**Your objective**
Exclude the pictures, then restate every entry below exactly.

(Records drawn from a dataset)
○ ○ ○
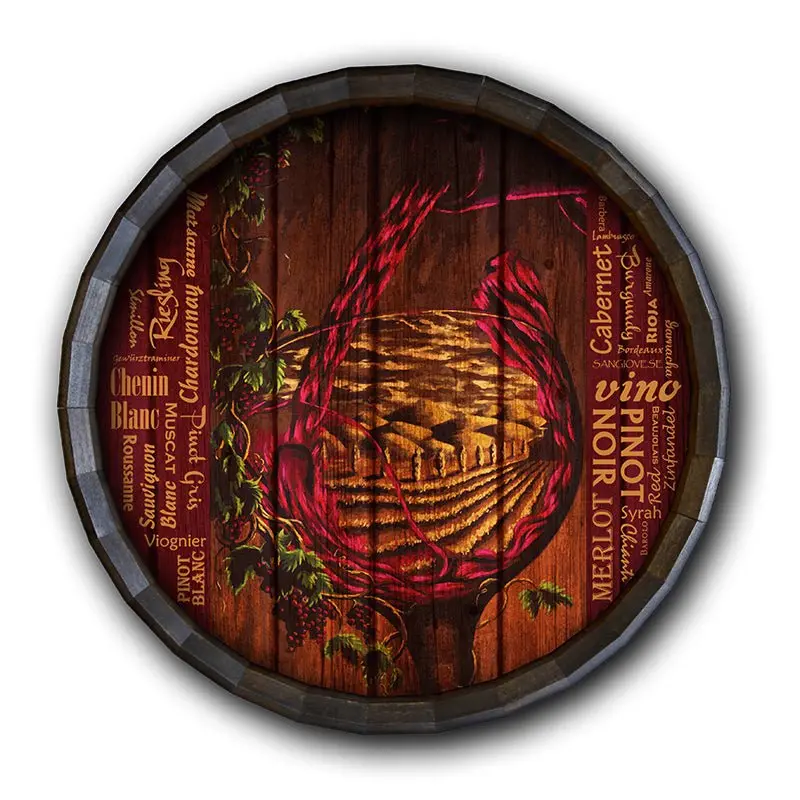 Vino-Themed Barrel Top Tavern Sign – Rustic Wooden Accent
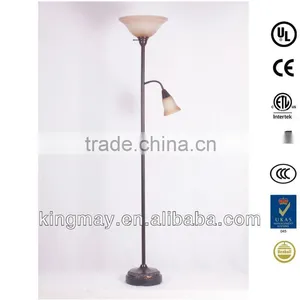 Antique Torchiere Floor Lamp With Rockerarm Reading Light thumbnail-4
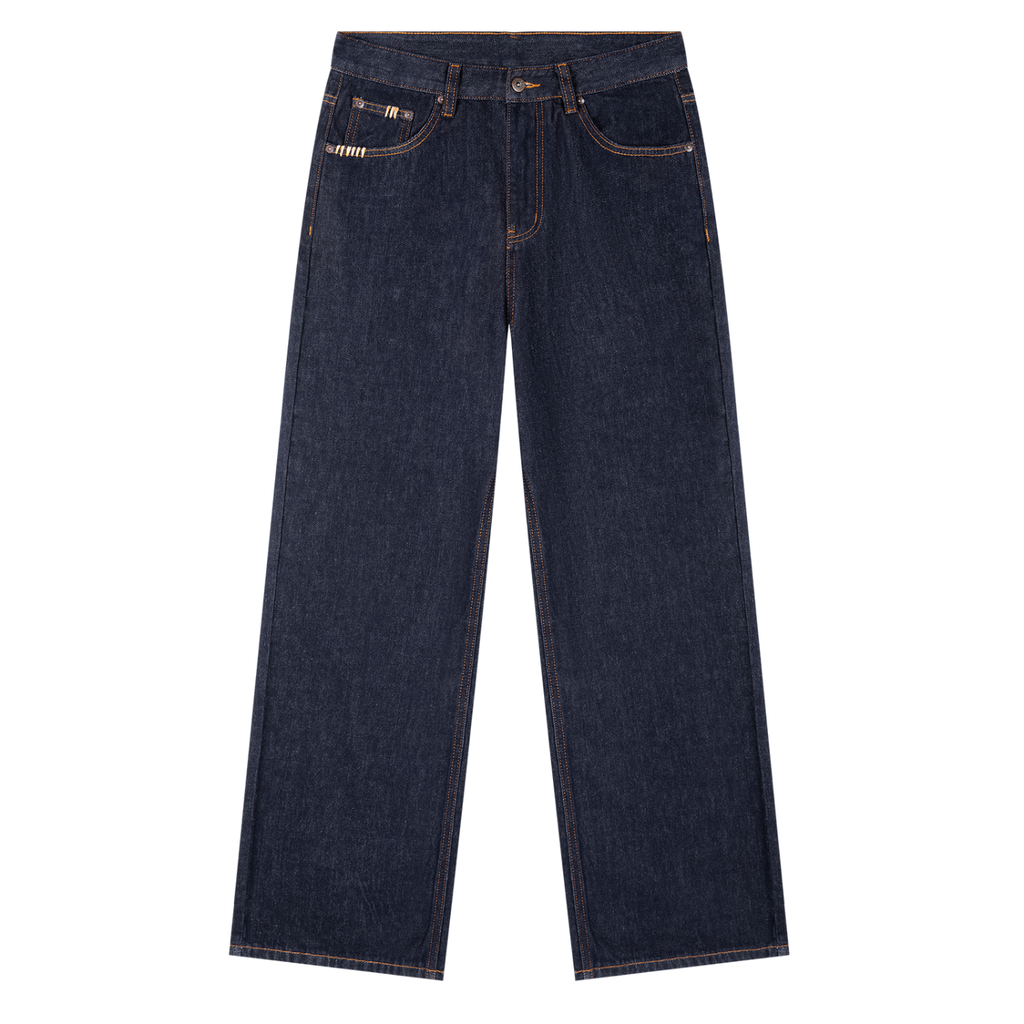 Men's Heavyweight Straight Leg Denim Jeans - Cow Design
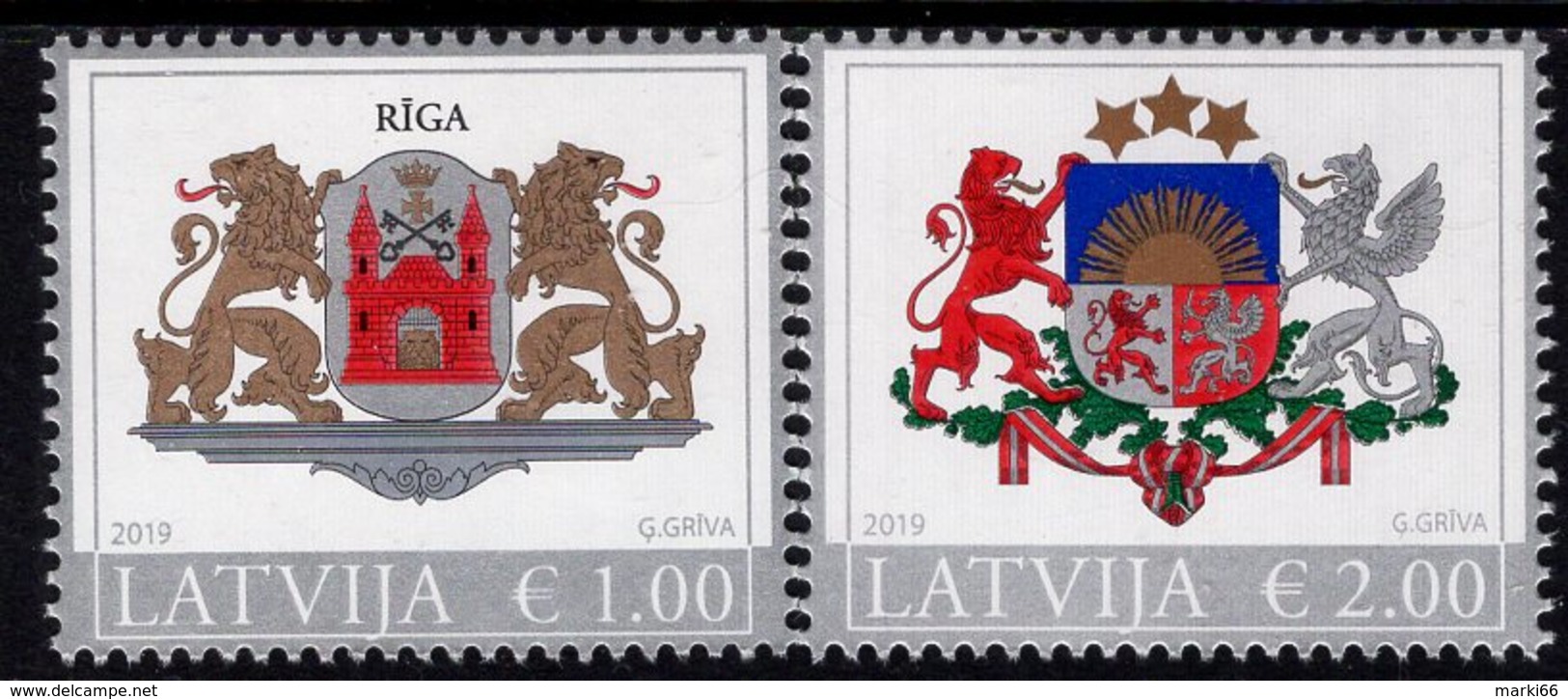 Latvia - 2019 - Coats Of Arms - Riga - Mint Definitive Stamp Set - Letonia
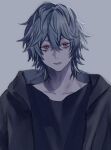  1boy bishounen black_shirt grey_hair highres jacket male_focus original red_eyes scar scar_across_eye shirt short_hair simple_background solo taiyakitarou upper_body white_background 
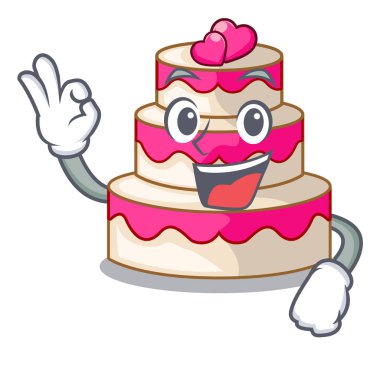 Ahşap çizgi film tablosunun üst kısmındaki Tamam düğün pastası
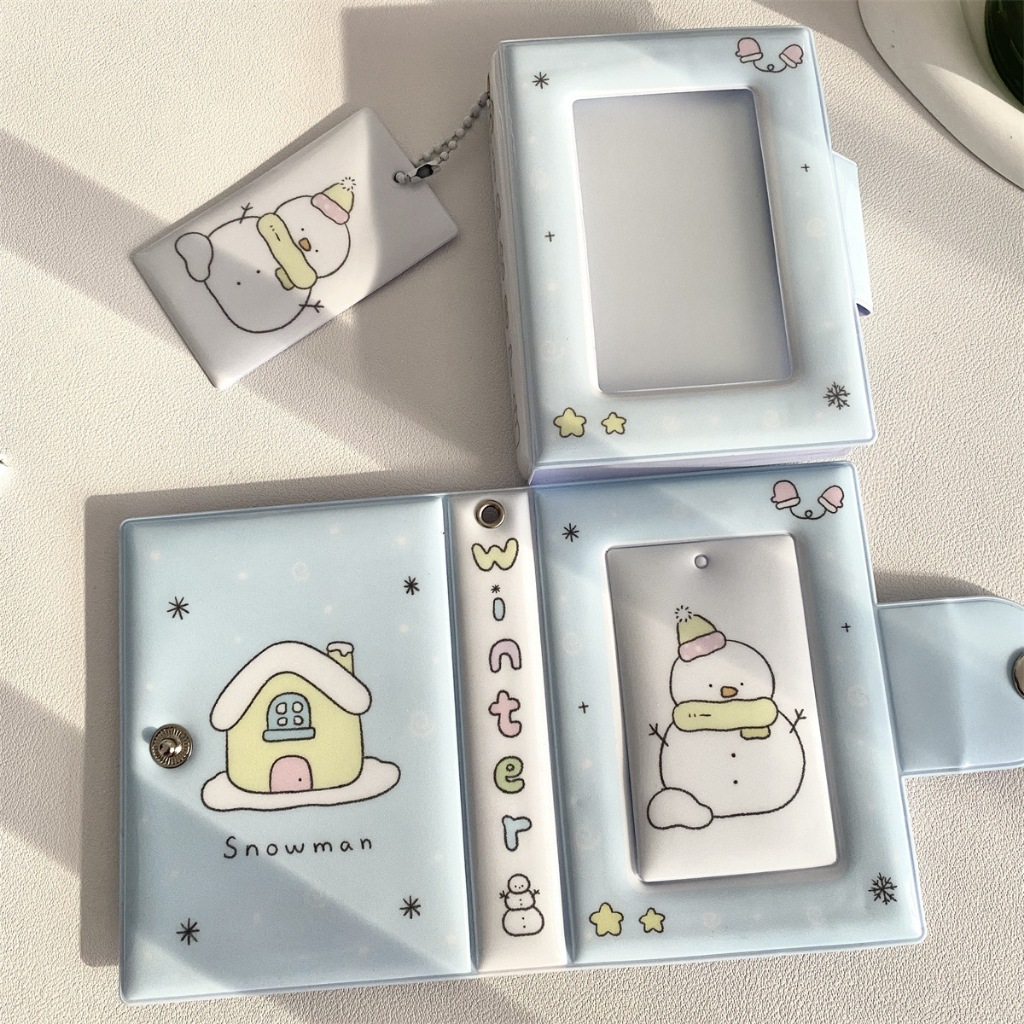 อัลบั้มใส่การ์ด ลายหิมะ สีฟ้า แฟ้มใส่การ์ด Photocard สมุดอัลบั้มรูปโพลารอยด์ ขนาด 10 ซม. สไตล์เกาหลี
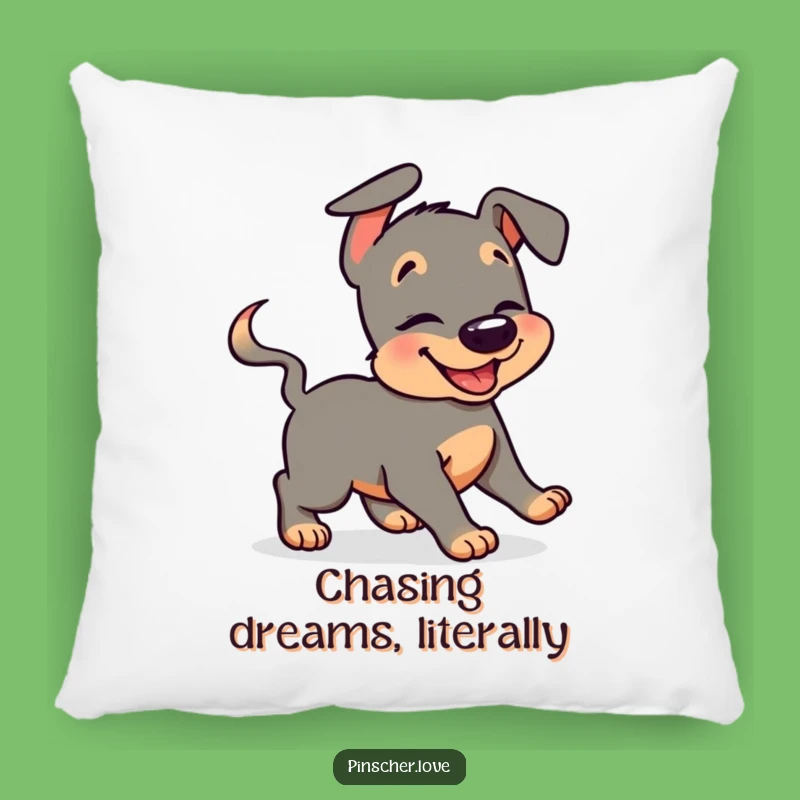 Funny Pinscher Pillow: Giggling Tail Chase Comfort - Soft & Amusing Funny Gift!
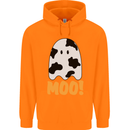 Moo Funny Cow Ghost Halloween Spooky Childrens Kids Hoodie Orange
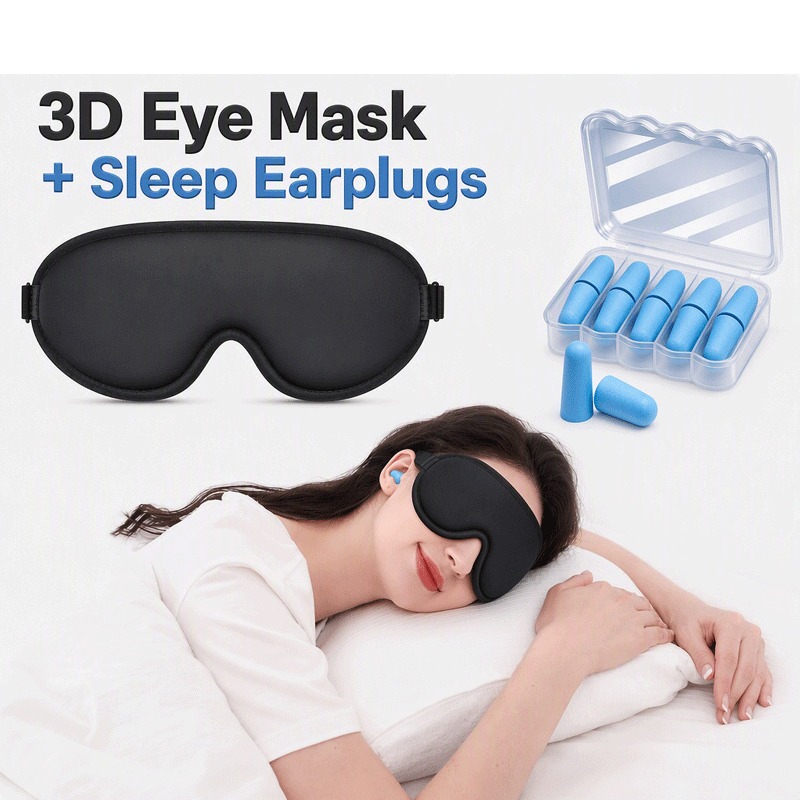 Earplug Set Foam - 3D Contoured Memory Foam Sleep Mask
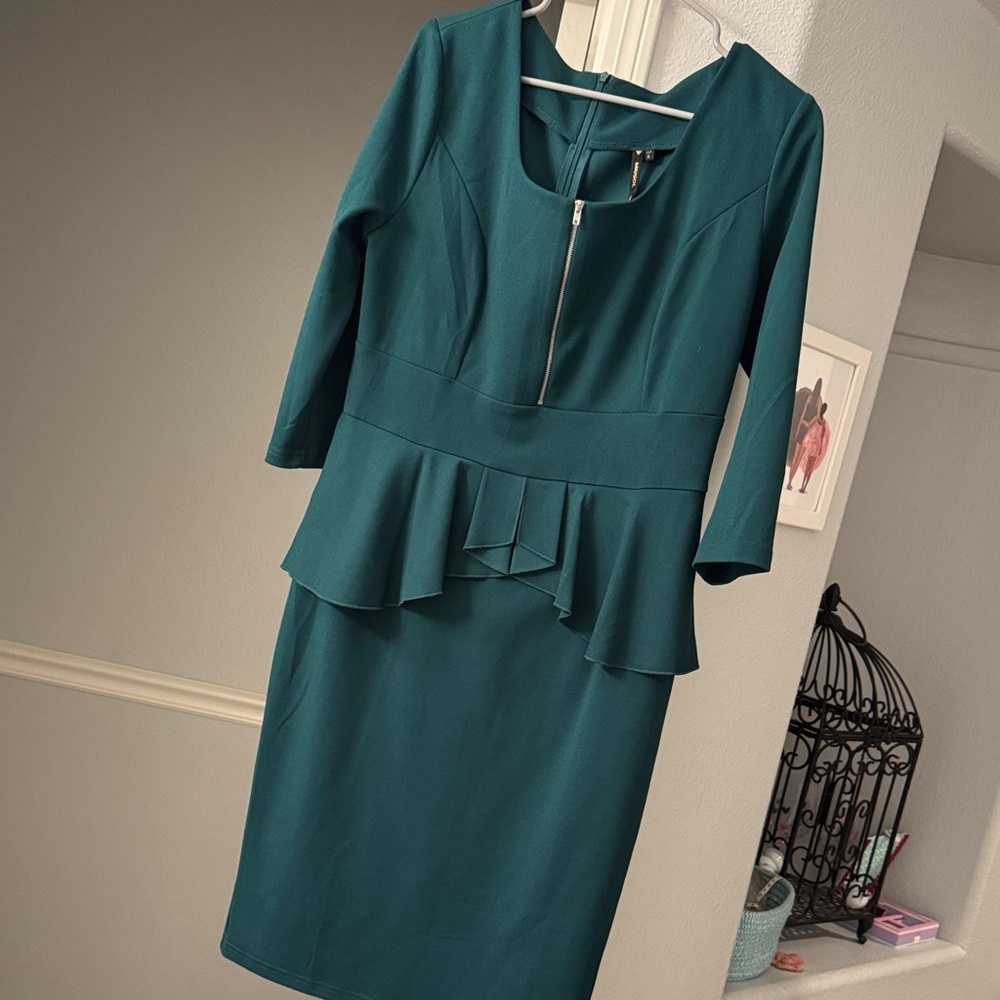 Miusol Teal Midi Peplum Dress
○ ○ ○
**Exercise result**
 Vino-Themed Barrel Top Tavern Sign – Rustic Wooden Accent
 Antique Torchiere Floor Lamp With Rockerarm Reading Light thumbnail-4
 Men's Heavyweight Straight Leg Denim Jeans - Cow Design
 Latvia - 2019 - Coats Of Arms - Riga - Mint Definitive Stamp Set - Letonia
  1boy bishounen black_shirt grey_hair highres jacket male_focus original red_eyes scar scar_across_eye shirt short_hair simple_background solo taiyakitarou upper_body white_background 
 Ahşap çizgi film tablosunun üst kısmındaki Tamam düğün pastası
 อัลบั้มใส่การ์ด ลายหิมะ สีฟ้า แฟ้มใส่การ์ด Photocard สมุดอัลบั้มรูปโพลารอยด์ ขนาด 10 ซม. สไตล์เกาหลี
 Funny Pinscher Pillow: Giggling Tail Chase Comfort - Soft & Amusing Funny Gift!
 Moo Funny Cow Ghost Halloween Spooky Childrens Kids Hoodie Orange
 Earplug Set Foam - 3D Contoured Memory Foam Sleep Mask
 Miusol Teal Midi Peplum Dress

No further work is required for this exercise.